CDCgov / mycosnp-nf

CDCgov/mycosnp-nf
Apache License 2.0
36 stars 33 forks source link

Urgent: downsample_rate.nf incorrectly counts total basepairs and reads #90

Closed rpetit3 closed 1 year ago

rpetit3 commented 1 year ago

Describe the bug The calcualtions for READS_LEN and NUM_READS in downsample_rate.nf use the @ symbol at the start of the line. Unfortunately, the @ symbol is also a quality score which can occur at the start of line.

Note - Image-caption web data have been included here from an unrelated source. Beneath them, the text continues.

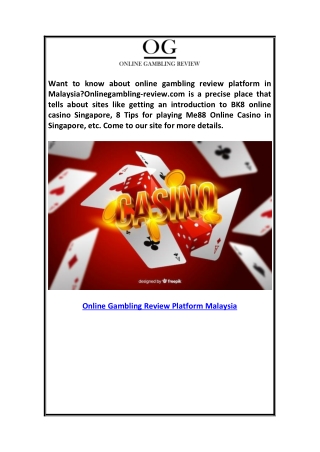 Online Gambling Review Platform Malaysia Onlinegambling-review.com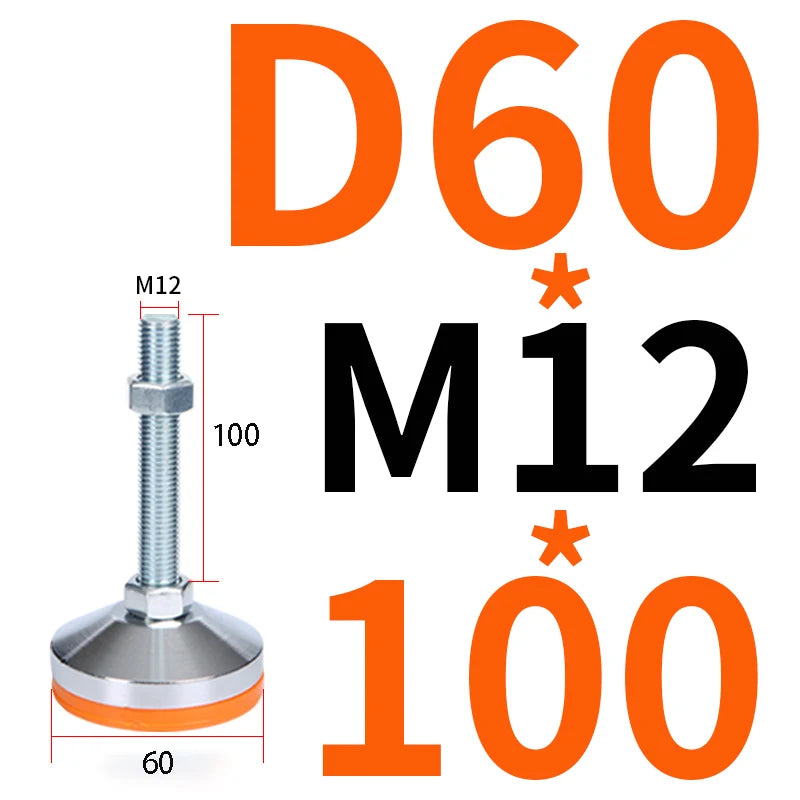 40 50 60 Heavy Metal Foot Cup/Fixed Foundation Screw/Adjustable Foot/Anti Slip Shock Absorber Support Foot M8 M10 M12 M14 M16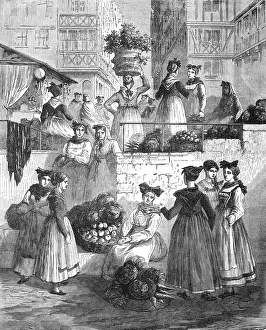Marketplace Prints: Alsatian costumes seen in the market place of Strasburg; From Alsace to the Hartz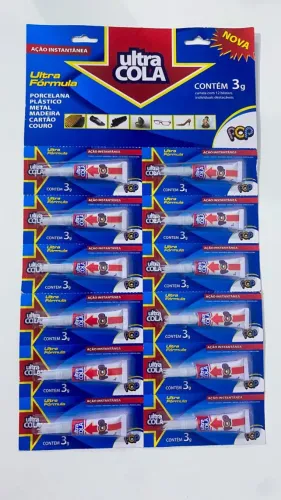 Kit 12 Cola Ultra Pop Instantânea tipo super bonder.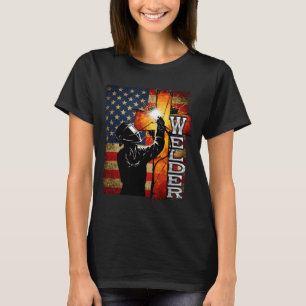 Welder American Flag Welding Faith Cross Christian T-Shirt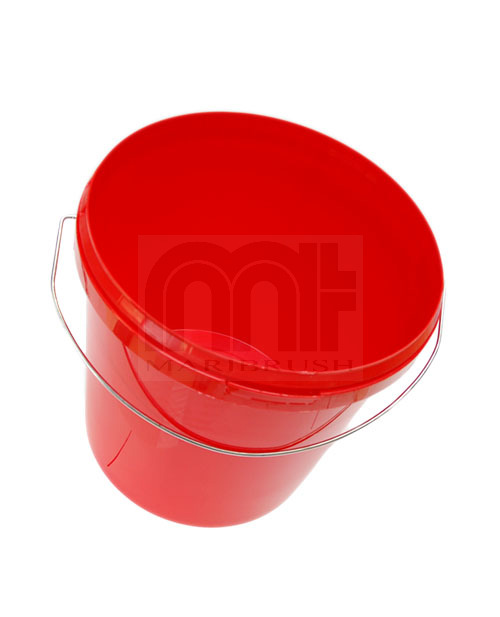 Emmer rond rood 10.7 L. met hengsel rood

Impact As the number of quality lines that start with @ goes up, READS_LEN becomes more undercounted and NUM_READS becomes more overcounted.

Example

Unaffected FASTQ

@SRR13965548.14
GTCCTAGATGCAGCTCGCCGCCGTGATAATGGCGAAAACATTAGTACAGAAGCATCTTGCGCAAAAATGTTTGCGACTGAAATGTGCGGACGTGTTGCTGACCGCTGTGTACAGATTCACGGTGGTGCGGGCTATATCAGTGAATATGCCA
+
BBBBBFFBF5@45CGB22EEEEEECDHFBHHFBEGEGGHHHHHHHHHHHHHHHHHHHHHHGGGGGHHHHHHHHHGGGGGHHGHHHHHGGGGGGGGHHHHHHHHGGGGGHHHHHHHHHHHHHGGHGGGHGGGGGHHHHHGHGHHHHHGHGHG
@SRR13965548.15
TGGTTTCTCCTTGACTCTCTCTTAATCTAGCTTCAGATCAAGATAAAAAGGAATACTCCATGAAAAAGCCTATTGTTCTCGTACTTTCAACATTAATGTTGGGTATGTCGGCAACTGCGATGGCCGATTCAAATCATCGTTGGGATAACTA
+
AAAAAFFFFFFF11AFEGEGDGHBBGHHBBGHHHHHBHHHHGGHHHHHHGGHHGHHHHHHHHHHHHHGHHHHHHGHHHHHGGGHHHHHHHHHHHHHHHFHHHGGHHHHHHGGGGHHHHGGHGGHHGGGGHHHFHHHHHHHHGHGHHGHHHH

A FASTQ with a @ at the start of a quality line

@SRR13965548.14
GTCCTAGATGCAGCTCGCCGCCGTGATAATGGCGAAAACATTAGTACAGAAGCATCTTGCGCAAAAATGTTTGCGACTGAAATGTGCGGACGTGTTGCTGACCGCTGTGTACAGATTCACGGTGGTGCGGGCTATATCAGTGAATATGCCA
+
@BBBBFFBF5@45CGB22EEEEEECDHFBHHFBEGEGGHHHHHHHHHHHHHHHHHHHHHHGGGGGHHHHHHHHHGGGGGHHGHHHHHGGGGGGGGHHHHHHHHGGGGGHHHHHHHHHHHHHGGHGGGHGGGGGHHHHHGHGHHHHHGHGHG
@SRR13965548.15
TGGTTTCTCCTTGACTCTCTCTTAATCTAGCTTCAGATCAAGATAAAAAGGAATACTCCATGAAAAAGCCTATTGTTCTCGTACTTTCAACATTAATGTTGGGTATGTCGGCAACTGCGATGGCCGATTCAAATCATCGTTGGGATAACTA
+
AAAAAFFFFFFF11AFEGEGDGHBBGHHBBGHHHHHBHHHHGGHHHHHHGGHHGHHHHHHHHHHHHHGHHHHHHGHHHHHGGGHHHHHHHHHHHHHHHFHHHGGHHHHHHGGGGHHHHGGHGGHHGGGGHHHFHHHHHHHHGHGHHGHHHH

Using the calculations for READS_LEN and NUM_READS

READS_LEN=\$(zcat ${reads} | awk '/^@/ {getline; len+=length(\$0)} END {print len}')
NUM_READS=\$(zcat ${reads[0]} | awk '/^@/ {lines+=1} END {print lines}')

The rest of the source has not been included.